Das Lied ist übrigens 10 Jahre nach den Ereignissen des 31. Oktober 1517 entstanden, also deutlich nach der Veröffentlichung jener 95 Thesen, die nicht nur eine religiöse, sondern bald auch eine soziale Revolution auslösen sollten. In den 10 Jahren war viel passiert, Verwerfungen, Konflikte, Kriege. Und für Luther selbst auch: der mutige Auftritt vor Kaiser und Fürsten 1521 in Worms, die Flucht auf die Wartburg, die Neuordnung der Kirche in den reformatorischen Gebieten, der Streit auch unter seinen Schülern. Die Welt schien in Flammen, sie war in kurzer Zeit eine ganz andere geworden.

 

Und dann wütet zu all dem auch noch die Pest in Wittenberg. Martin und Käthe Luther öffnen ihr Haus für Freunde und Schüler, pflegen Kranke, müssen Frauen und Kinder zu Grabe tragen.

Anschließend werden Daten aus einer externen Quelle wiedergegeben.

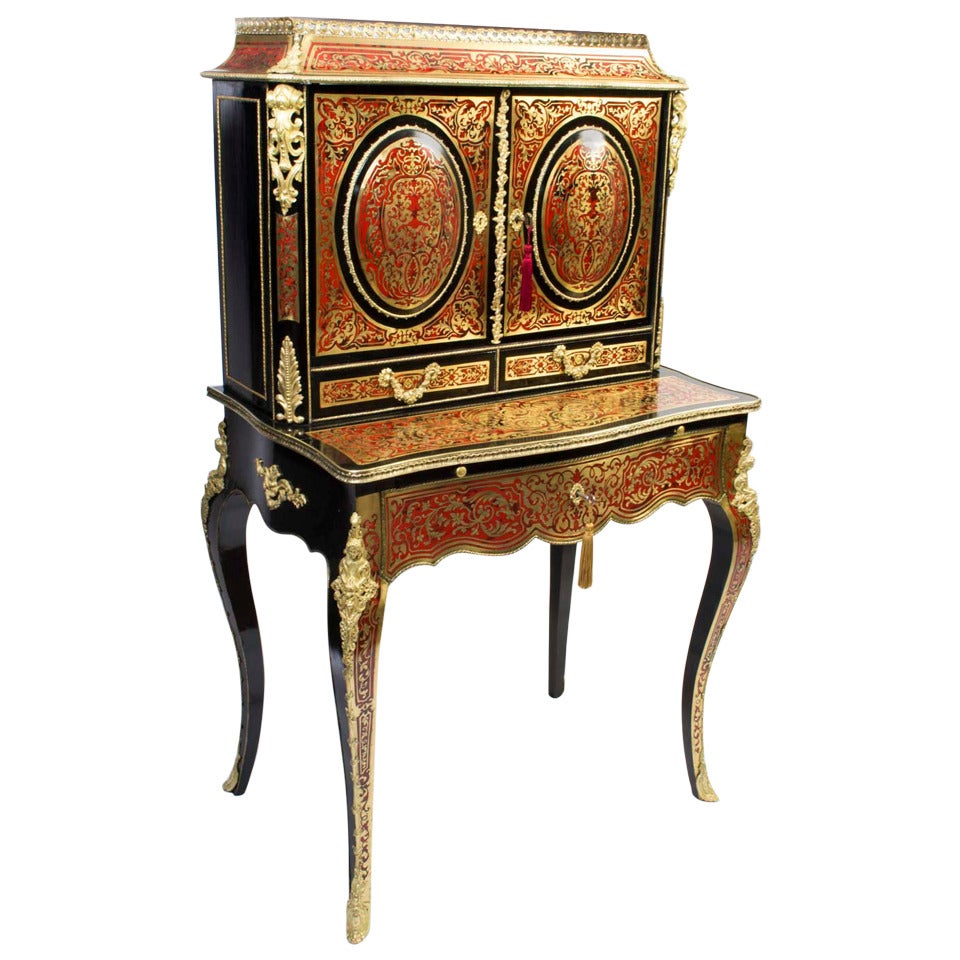 Antique Boulle Red Tortoiseshell Bonheur Du Jour circa 1870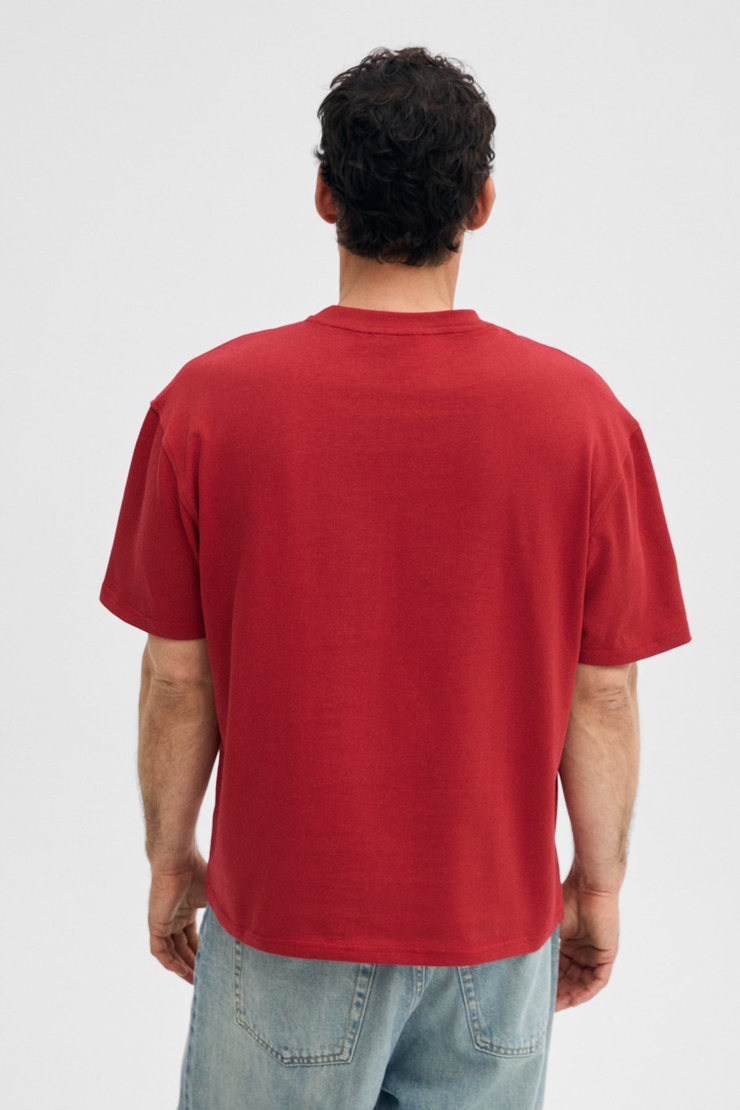 DUNNO Erkek %100 Organik Pamuk Yuvarlak Yakalı Regular Fit Kırmızı T-Shirt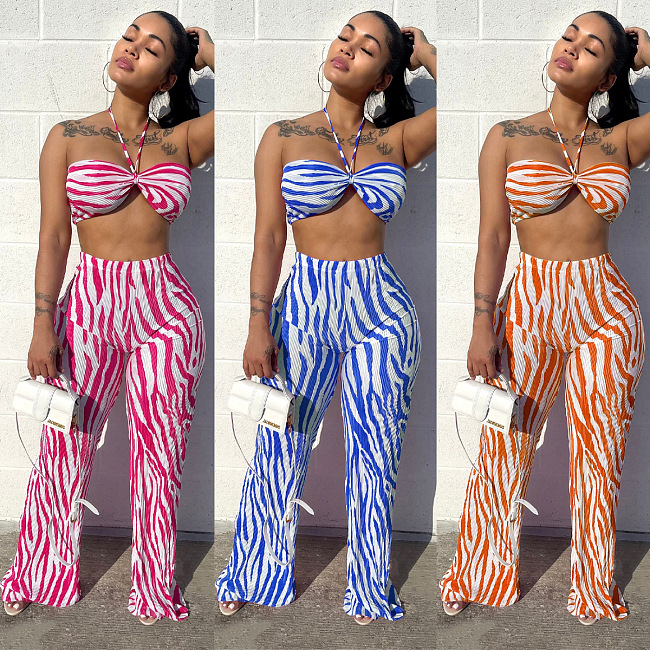WHOLESALE | Zebra Two Tones Bra Pants Set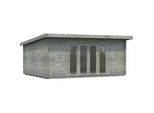 Gartenhaus PALMAKO "Lea", grau, Fußboden im Gartenhaus, ohne Dacheindeckung, Massivholz, Gartenhäuser, Gartenhaus, 19,4 m2, mit Fußboden im Gartenhaus
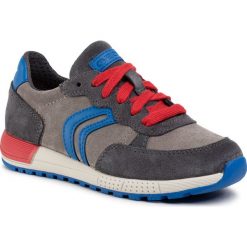 Sneakersy GEOX - J Alben B. D J949ED 022BC C0071 S Dk Grey/Royal. Szare trampki chłopięce Geox, bez wzorów, ze skóry, na sznurówki. W wyprzedaży za 219,00 zł.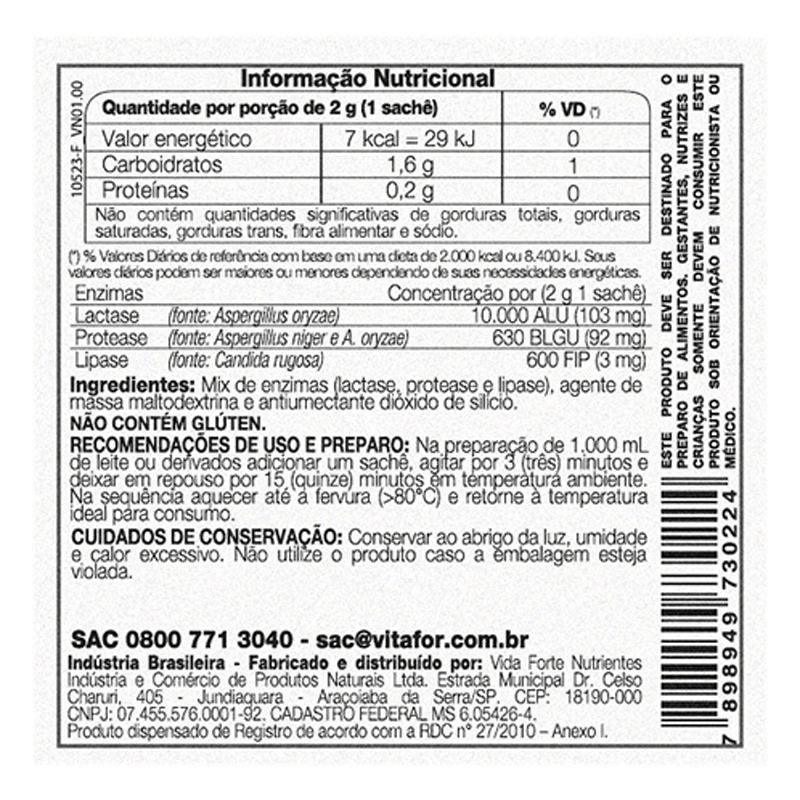 Informações nutricionais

Das Leid passierte eben nicht in fernen Weltgegenden, sondern ist mitten um sie herum präsent.

 

Luther schrieb auch theologische Traktate in dieser Zeit, geprägt durch die Erfahrung von Seuche und Pest. So entstand auch das kleine Büchlein unter dem Titel „Ob man vor dem Sterben fliehen möge“, in dem er die Frage zu beantworten versucht, wie man sich angesichts des Ausbruchs der Pest zu verhalten habe. Das ist gar nicht so weit weg von den Covid-19-Eindämmungsverordnungen unserer Tage:

 

Wenn Gott tödliche Seuchen schickt, will ich Gott bitten, gnädig zu sein und der Seuche zu wehren. Dann will ich das Haus räuchern und lüften, Arznei geben und nehmen, Orte meiden, wo man mich nicht braucht, damit ich nicht andere vergifte und anstecke und ihnen durch meine Nachlässigkeit eine Ursache zum Tode werde. Wenn mein Nächster mich aber braucht, so will ich weder Ort noch Person meiden, sondern frei zu ihm gehen und helfen. Siehe, das ist ein gottesfürchtiger Glaube, der nicht tollkühn und dumm und dreist ist und Gott nicht versucht.“

 

Die Distanz wahren, aber trotzdem die Nähe bewahren, da wo sie solidarisch wie seelsorgerlich nötig ist – das ist keine schlechte Regieanweisung für eine Pandemie.

 

Aber neben dieser theologischen Klarheit, dem Versuch, helfende Hinweise zu geben, Ruhe zu bewahren und eine funktionierende Bekämpfung der Pest zu organisieren, steht die eigene Zerrissenheit. Es ist ja nicht so, dass das alles an Luther einfach so vorbeiging. So schreibt er in einem Brief an Nikolaus von Amsdorf am 1. November 1527, wie ihm zumute ist: „Draußen sind Kämpfe, inwendig Schrecken, und zwar herbe; auswendig Streit – inwendig Furcht.“

 

Auswendig Streit, inwendig Furcht. Mit diesen Gefühlen hat Luther zu kämpfen. Und mit diesen Gefühlen schreibt er vermutlich in genau dieser Zeit das Lied von der festen Burg. Dabei nimmt er die Bilder aus dem 46. Psalm auf, denkt aber vielleicht auch an seine Zeit auf der Wartburg. Ja, Gott als Fels, als Burg, die Schutz bietet. Luther schreibt sich mit diesem Bild seinen eigene Angst von der Seele, er schreibt und singt sich mit der Melodie Mut und Zuversicht zu. Kein Kampflied, sondern ein Trostlied versucht Luther zu schreiben.

 

Vielleicht bekommt in unseren Zeiten das Lied nochmal eine neue und tiefe Bedeutung für uns. Vielleicht wird es uns auch zum Trostlied, zum Mutmachlied.

 

Wie zu Luthers Zeiten geht es manchen von uns auch. Auswendig Streit – inwendig Furcht. Denn die Tiefenkrise der Pandemie zeigt die Verwundbarkeit unserer Sicherheit und unserer Ordnung. Manches geht wieder, weil wir mittlerweile eine relativ hohe Impfquote haben. Aber die Infektionszahlen steigen, auch die so genannte Hospitalisierungs-Inzidenz geht nach oben. Nach wie vor herrscht große Unsicherheit. Ich muss hier nicht ausführen, welche Auswirkungen die Tiefenkrise der Corona-Pandemie hat.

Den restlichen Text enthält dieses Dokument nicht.